*** Opening Material for this exercise ***

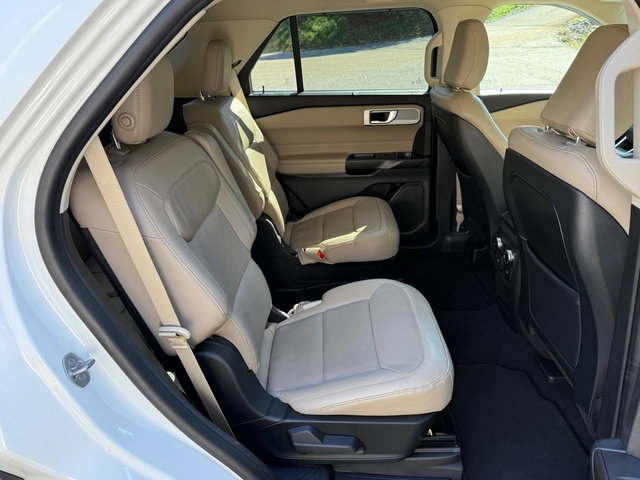 Used 2020 Ford Explorer Limited image 22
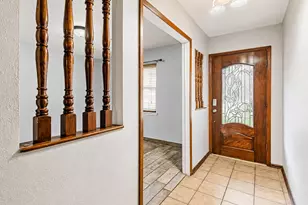 2710 Burke Rd, Pasadena, TX 77502 - Photo 8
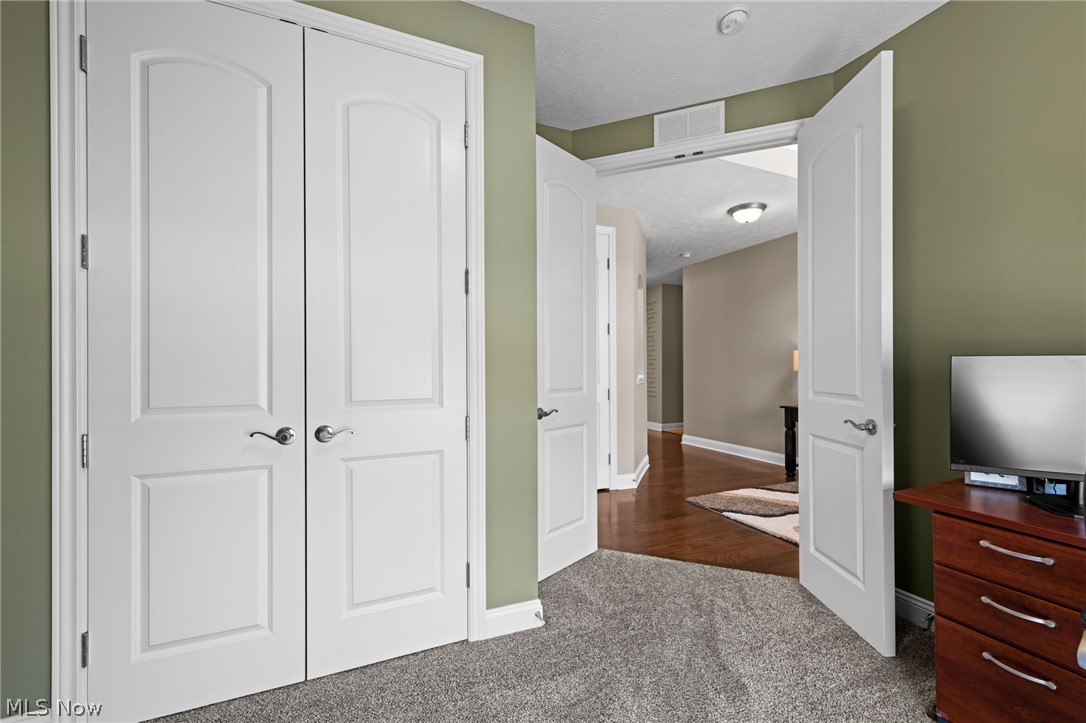192 Shoreland Circle Willowick OH 44095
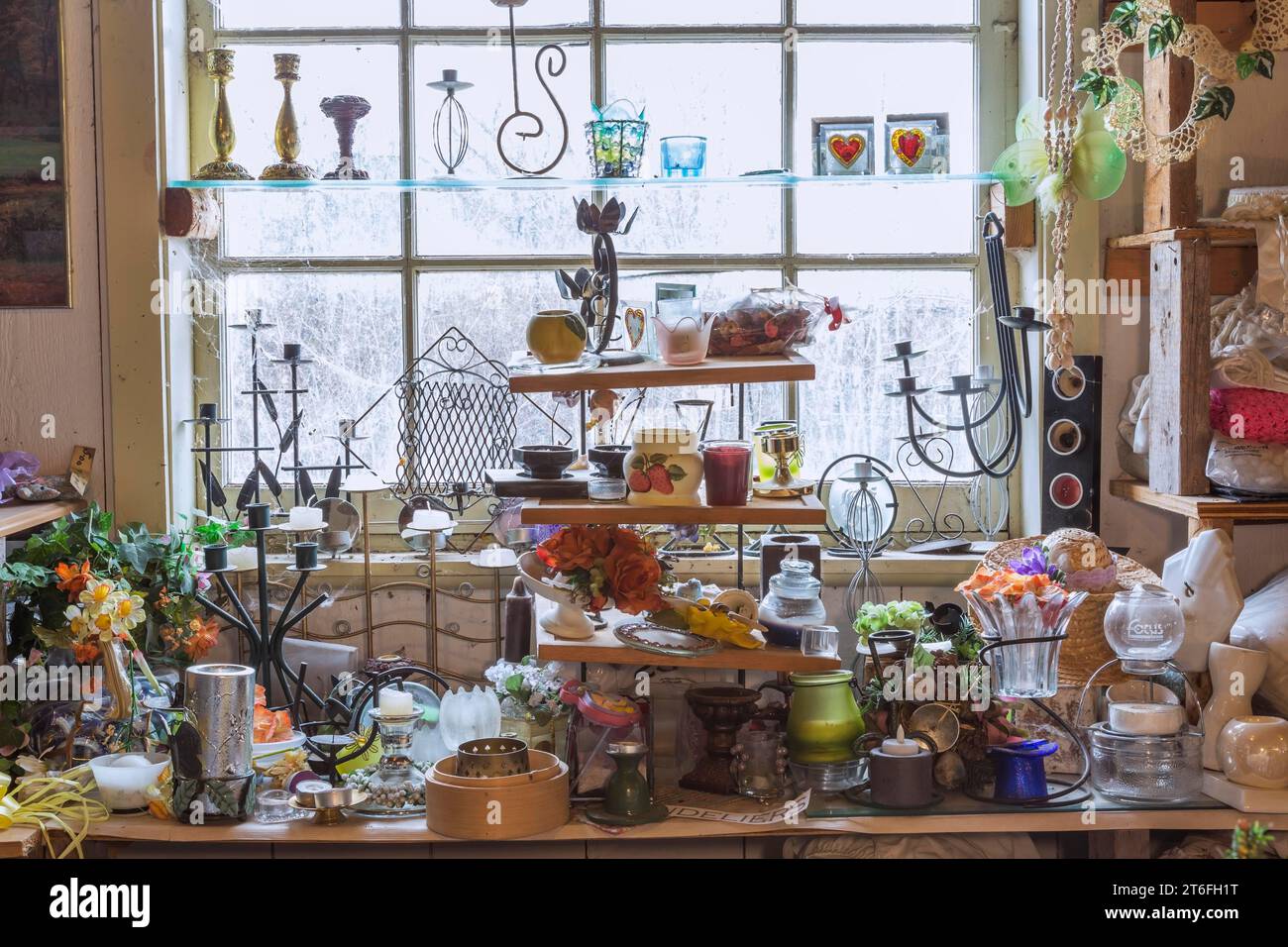 Oggetti in vetro e candele in vendita all'interno del negozio di articoli di seconda mano e chattels, Quebec, Canada Foto Stock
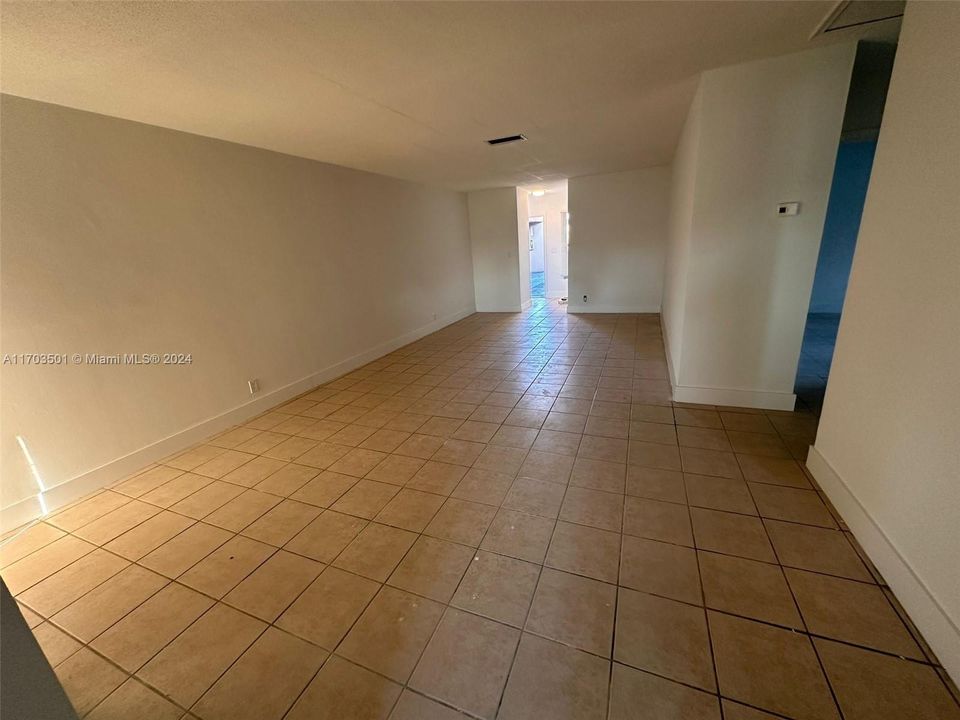 For Rent: $1,750 (2 beds, 1 baths, 3570 Square Feet)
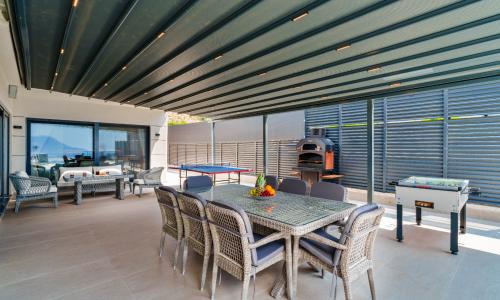 Villa Newcastle — 18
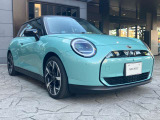 車両の詳細、ご質問につきましては、弊社営業スタッフまでお気軽にご連絡下さいませ。遠方のお客様には実車の詳細画像送信も承ります。お客様からのお問合せをお待ち致しております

*** Closing Material for this exercise ***

● What to do: Leave every picture out and write out, word for word, the lines from the one that contains "For Rent: $1,750" through the last line of the records.

● Written solution:
 For Rent: $1,750 (2 beds, 1 baths, 3570 Square Feet)
 Villa Newcastle — 18
 車両の詳細、ご質問につきましては、弊社営業スタッフまでお気軽にご連絡下さいませ。遠方のお客様には実車の詳細画像送信も承ります。お客様からのお問合せをお待ち致しております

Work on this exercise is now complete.